Pour les acteurs publics, les contraintes sont également structurelles. « Le code des marchés publics pousse parfois à l'inflation et n'est pas toujours respecté », déplore Bernard Giry, évoquant une hausse des coûts et une dérive des tarifs malgré le cadre des marchés publics, pourtant censé garantir des prix stables via des conditions fixées au départ. « Actuellement, nous sommes confrontés à une pénurie mondiale de composants pour les ordinateurs. Il y a deux ans, j'avais signé un contrat pour un PC à 700 euros. Or, dans ce même marché public, on me le propose désormais à 1200 euros. Bien que je comprenne que le fournisseurs ne puissent pas respecter les termes du contrat, j'ai tout de même un accord en cours. » Dans ce contexte, il plaide pour une approche plus prospective : « la précommande publique pourrait être une alternative aux subventions, notamment face à la révolution de l'IA. »

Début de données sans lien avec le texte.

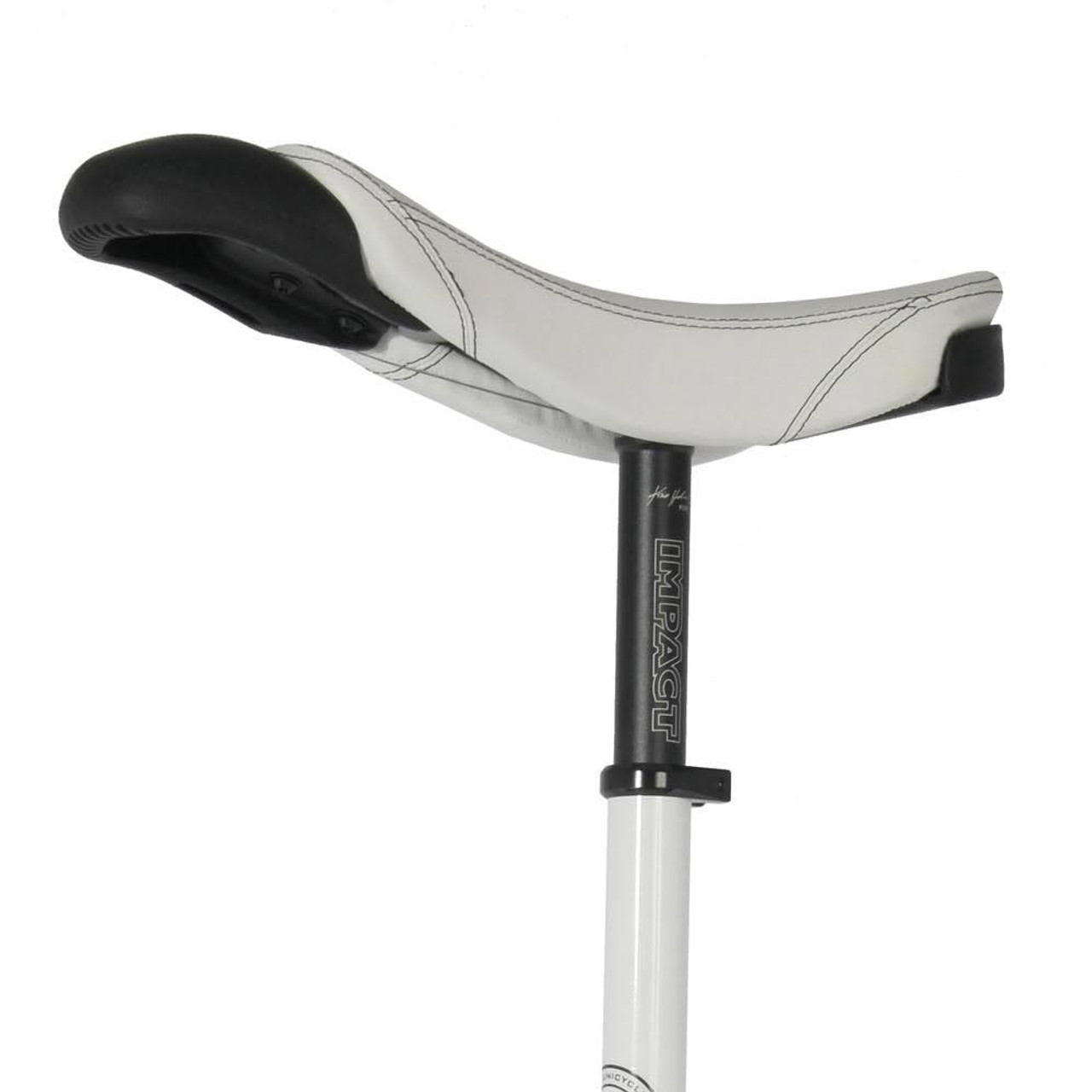 Impact 19" Gravity Unicycle White For Sale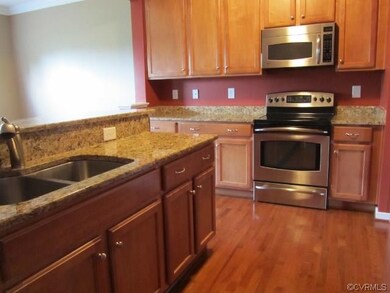 SS Appliances Convey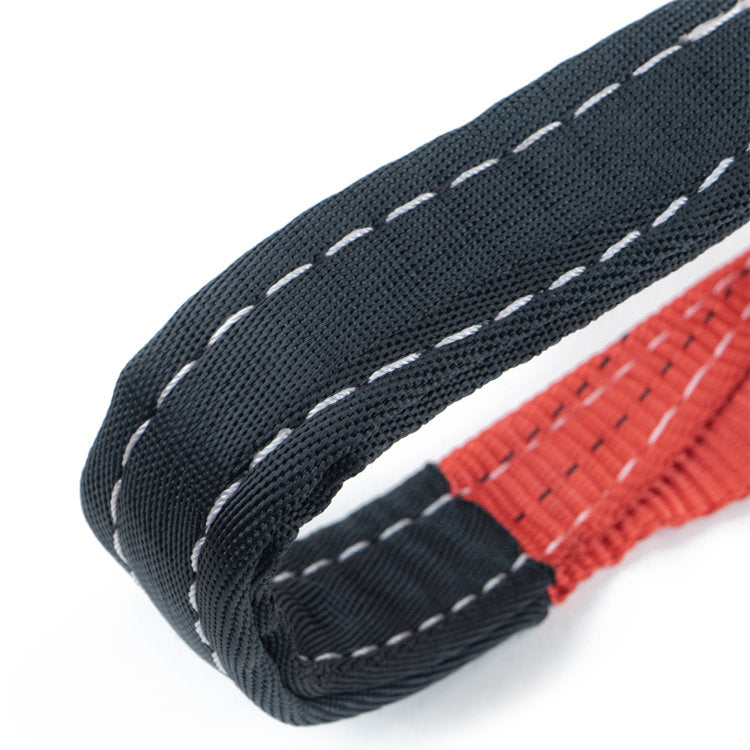 Tow strap 3"x3' OFD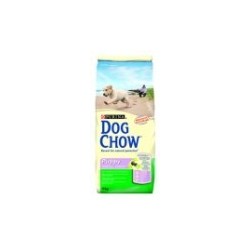 Purina Dog Chow Puppy Lamb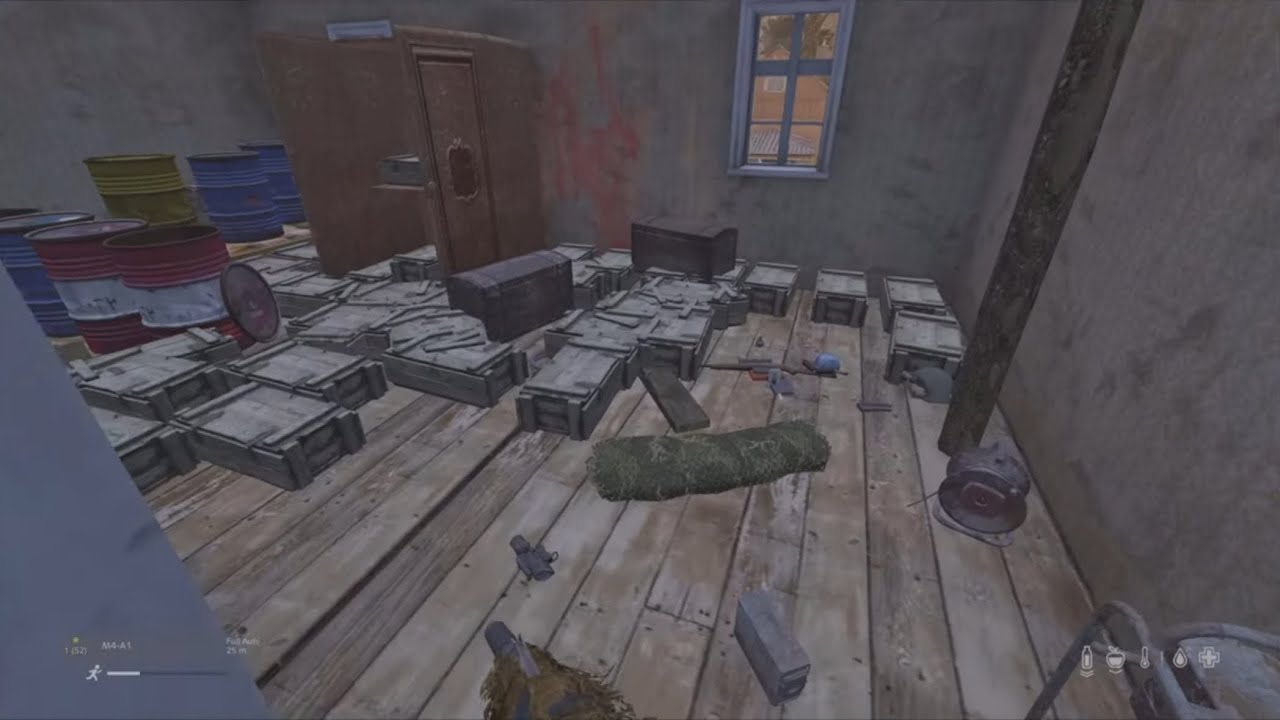 OFFLINE RAID on OFFICIAL – The Base Was Full of Loot 💣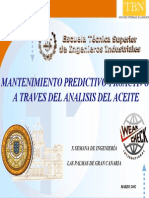 Analisis Del Aceite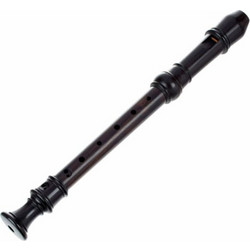 Mollenhauer 5124 Denner Soprano Recorder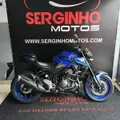 YAMAHA MT-03 CONNECTED ABS YAMAHA MT-03 CONNECTED ABS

Charles-Pierre Astolfi, DSI de l'IGN.

À l'IGN (Institut national de l'information géographique et forestière), la souveraineté est une valeur historique. « La connaissance du territoire est une mission fondamentale de l'IGN », rappelle son DSI Charles-Pierre Astolfi. L'institut mise sur une maîtrise complète de sa chaîne de valeur : captation des données via ses propres avions, infrastructures internes, développement logiciel et IA. Son modèle Maestro, en open source, illustre cette stratégie d'innovation souveraine.

« Nous ne faisons pas tout nous-mêmes, mais nous conservons la maîtrise d'ouvrage et la capacité de dialogue technique », précise Charles-Pierre Astolfi. Un équilibre entre internalisation et externalisation rendu possible par des investissements massifs dans les compétences. « La DSI compte environ 200 personnes, dont une centaine de développeurs qui conçoivent les outils de production internes à l'IGN pour nous permettre de faire les prises de vue aériennes et de réaliser la cartographie pour la diffusion de nos données. Il s'agit également d'aider les ministères à élaborer leurs propres politiques publiques, telles que celles liées au photovoltaïque ou à l'aménagement du territoire. » Depuis 3 ou 4 ans, l'IGN compte également une quarantaine d'ingénieurs en IA spécialisés dans les données géospatiales.

Dans ses choix, l'IGN illustre une approche de la souveraineté qui ne se limite pas à l'utilisation des outils, mais s'étend à la maîtrise des fondations même de l'IA. En développant ses propres modèles comme Maestro et en les publiant en open source, l'institut ne se contente pas de réutiliser des fondations déjà disponibles. Mais s'inscrit dans une démarche où les modèles sont entrainés sur ses propres données et pensés pour ses usages métiers, plutôt que de dépendre de composants entrainés avec des jeux de données externes.